Evaluating the Risk Based on the Location Determining your predictive risk can start with an evaluation of your supplier locations. Natural weather disruptions are common occurrences and can often be expected in specific regions or seasons. Putting all of your supply chain weight in a single location can be an indicator that a large portion of your business could be susceptible to a single weather event. To ensure a constant intake of materials, if and when a disaster occurs, it would be beneficial to split volume between suppliers in different locations.
Creating a Backup Logistics Plan After evaluating your locations and knowing their disadvantages, it is in your best interest to create a backup logistics plan.

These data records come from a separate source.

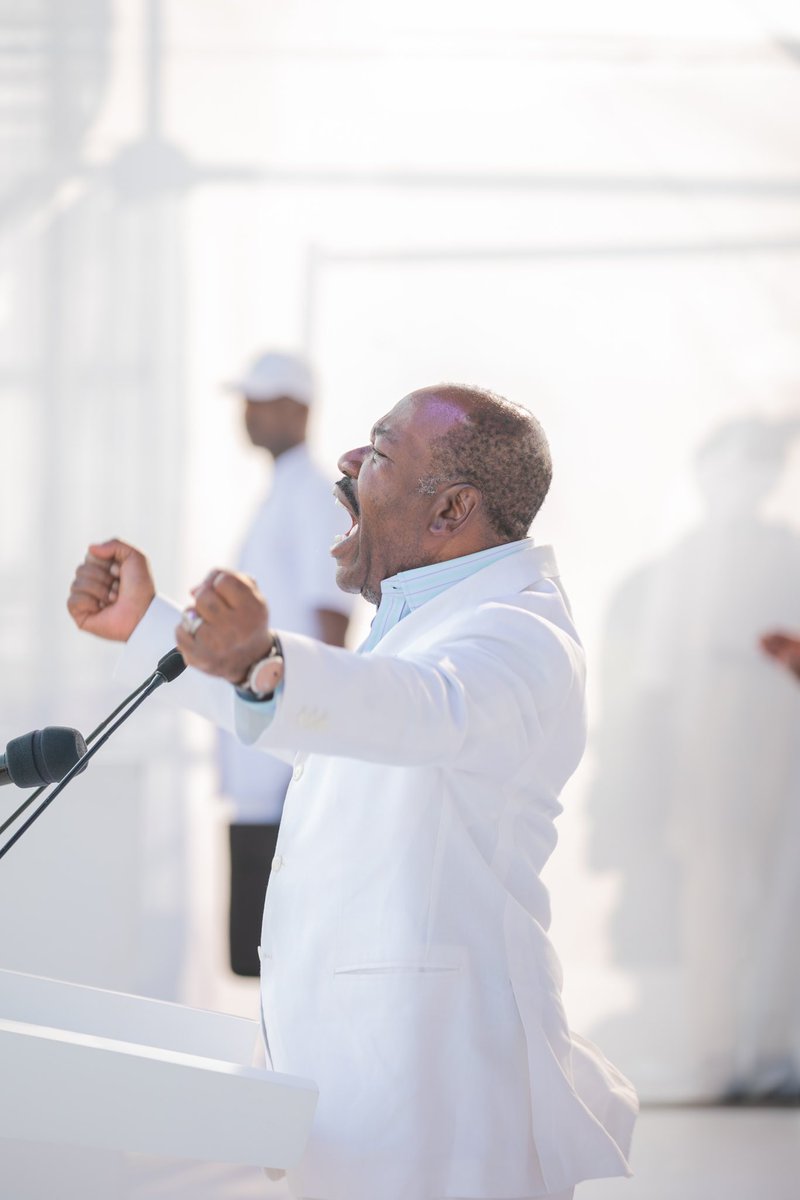 Ali Bongo Ondimba tweet media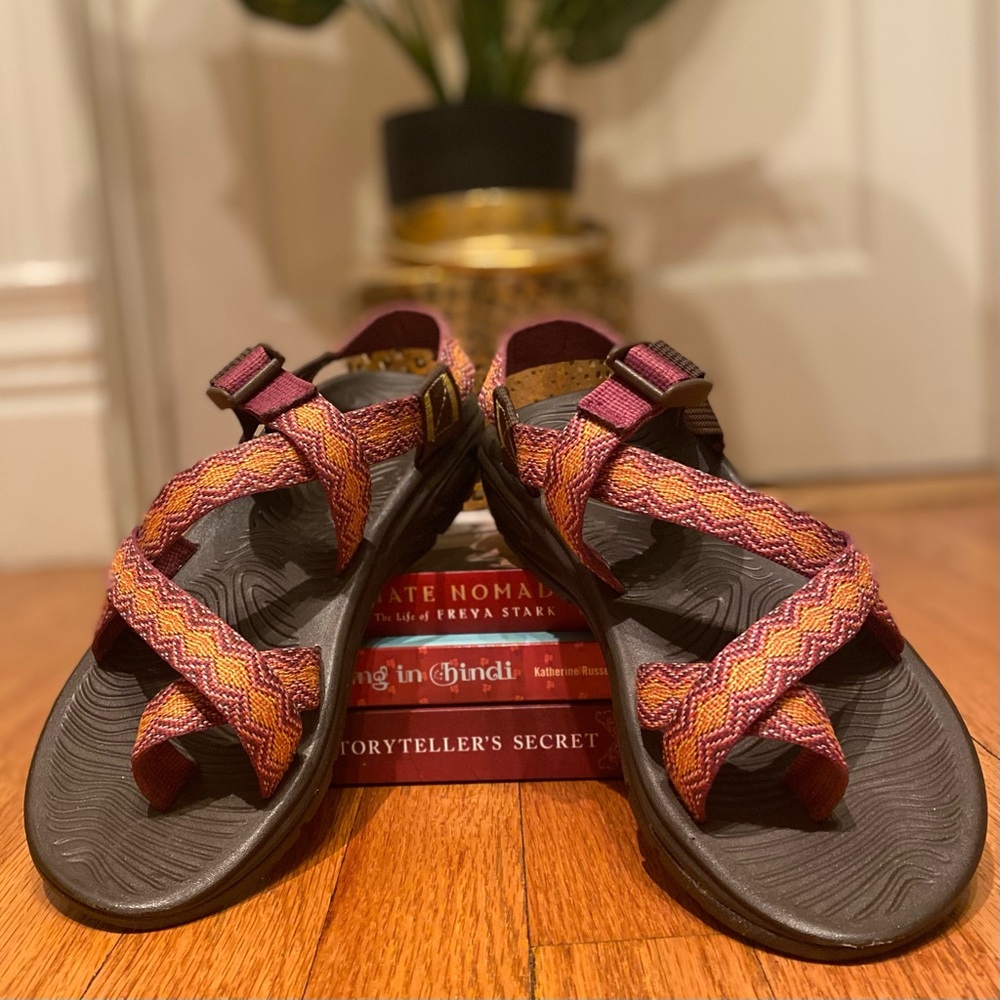 Chaco Z/Volv 2 Pink/Yellow Diamonds Waves - Sz 8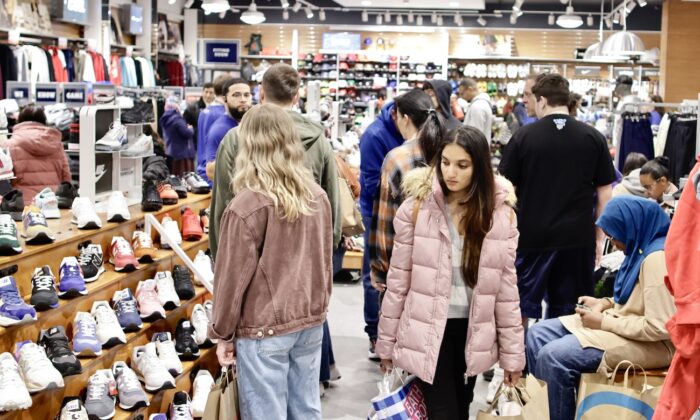 Một người phụ nữ cầm túi mua sắm giữa các khách hàng ghé thăm trung tâm mua sắm American Dream trong ngày Black Friday ở East Rutherford, New Jersey, hôm 25/11/2022. (Ảnh: Kena Betancur/Getty Images)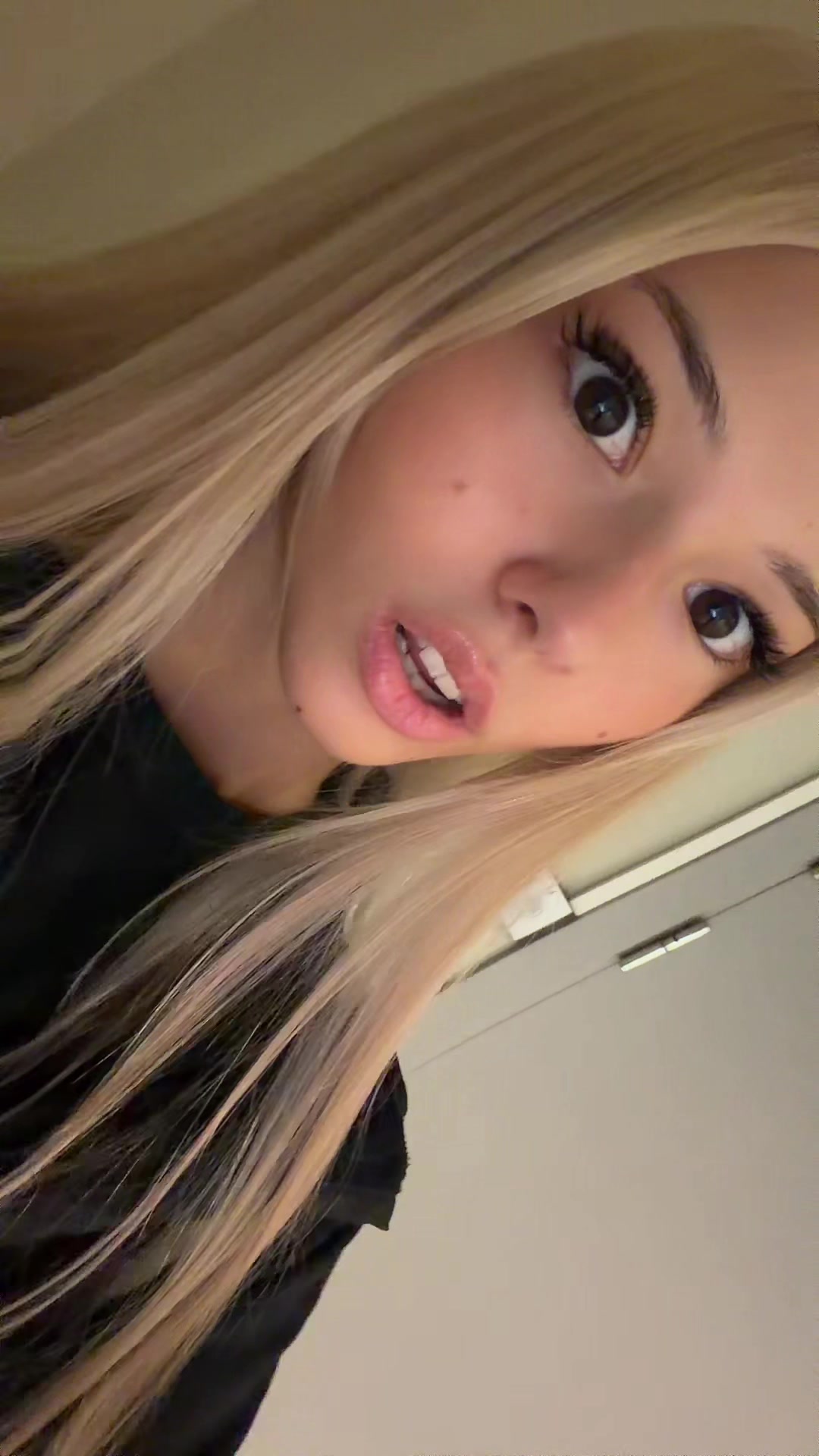 @Славяна ♡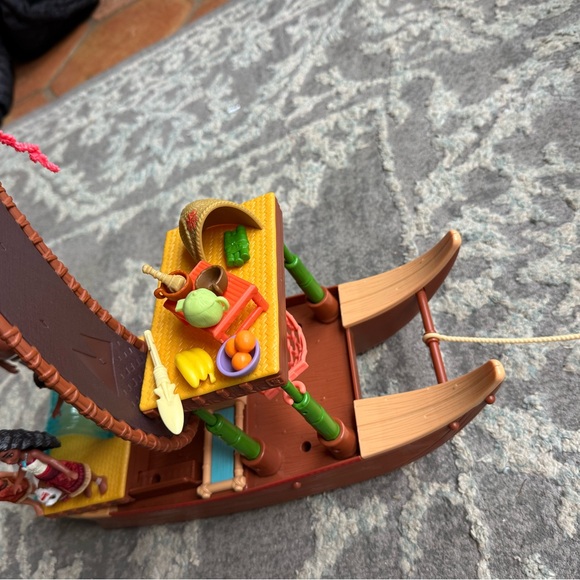 Moana 2 Boat Adventure Sailing Boat Playset with Doll - Picture 3 of 6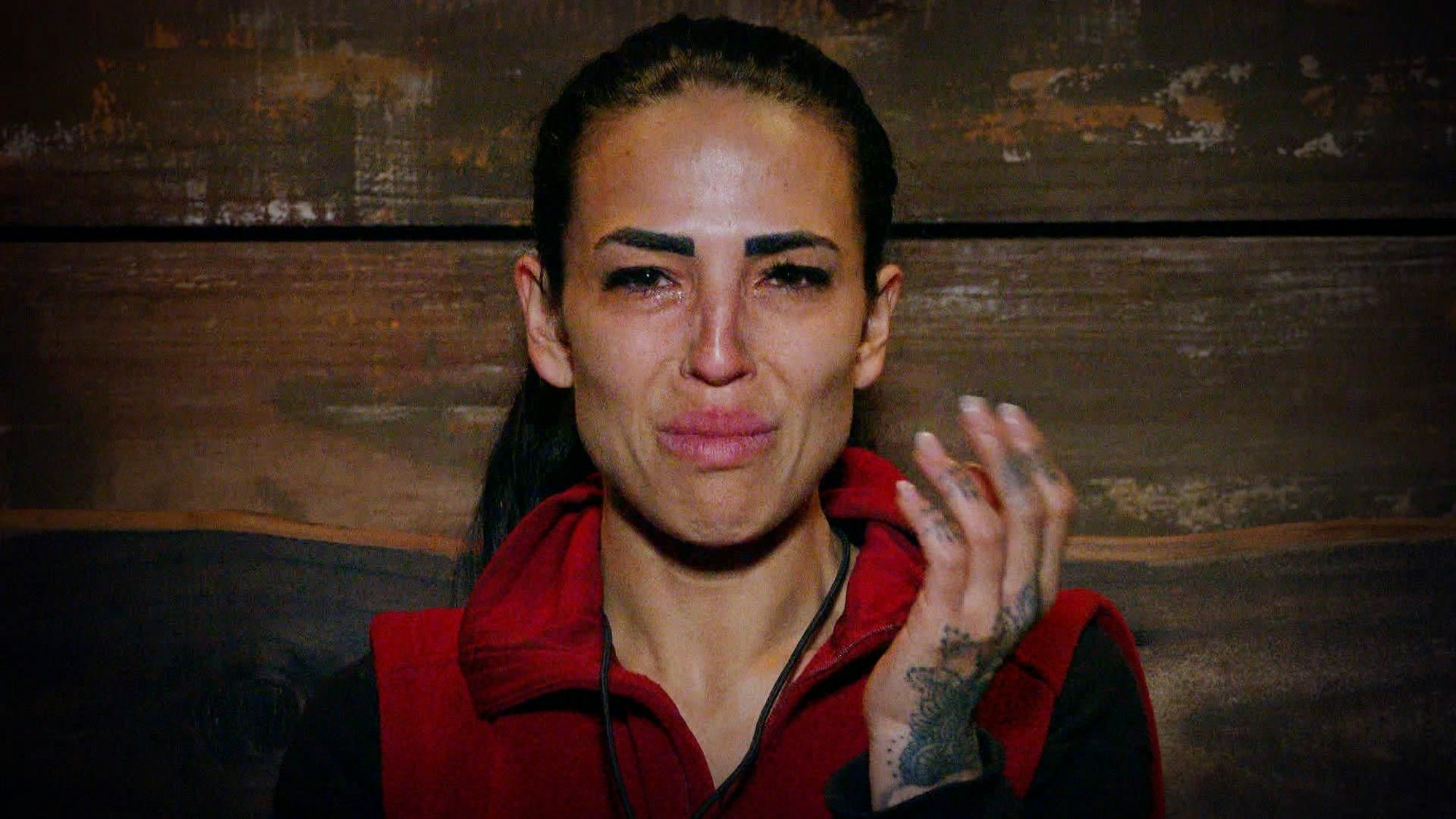 Elena Miras, hier auf einem Foto im Sommer-Dschungelcamp 2024.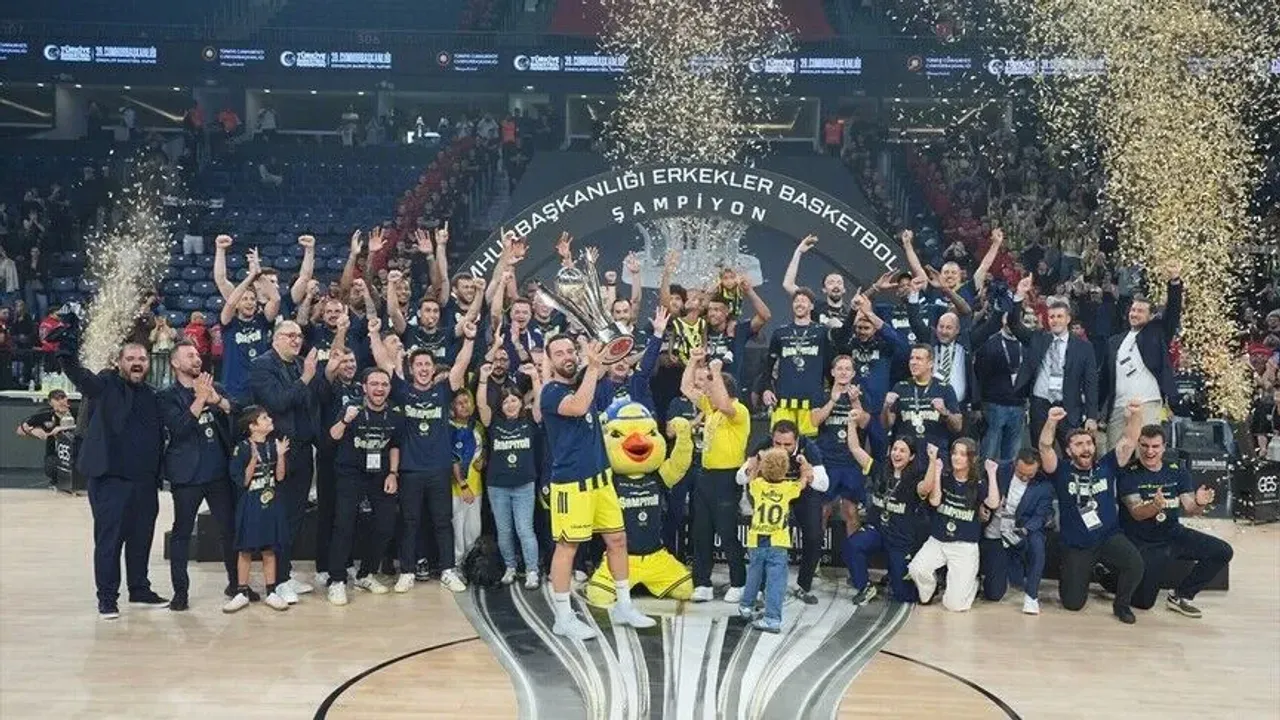 باسکتبولده ارککلر جومحورباشقانلغی قوپەسنی فنار باغچە طارفین قازاندی! – Basketbolda Erkekler Cumhurbaşkanlığı Kupası’nı Fenerbahçe Tarfin kazandı!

Your backup plan can consist of having a diversified carrier network that is able to handle materials at quick notice, or it could be planning the best expedite option to shorten emergency reaction times in the future. Thinking through the current logistics plan and finding ways it could be disrupted can help alleviate setbacks when an issue arises.
Inventory Levels Strategically planning inventory levels in times of common weather disaster seasons can be an additional safety net for your company. Starting with the location of your suppliers, if a larger supplier is located in a hot zone for weather-related issues, it may be better to have extra inventory on hand. Taking on a large amount of inventory may be restrictive due to space, funds, or other reasons but the risk of a complete shutdown must be considered. If keeping extra units on hand as backup outweighs the temporary space loss, there may be an opportunity to eliminate future risk. There will always be the potential for delays and risks in logistics but the risks can be minimized with proper planning. When the weather is a major factor, it is hard to guarantee deliveries. Taking the time to look at all possible disruptions will increase the likelihood that your company will be ready for the weather.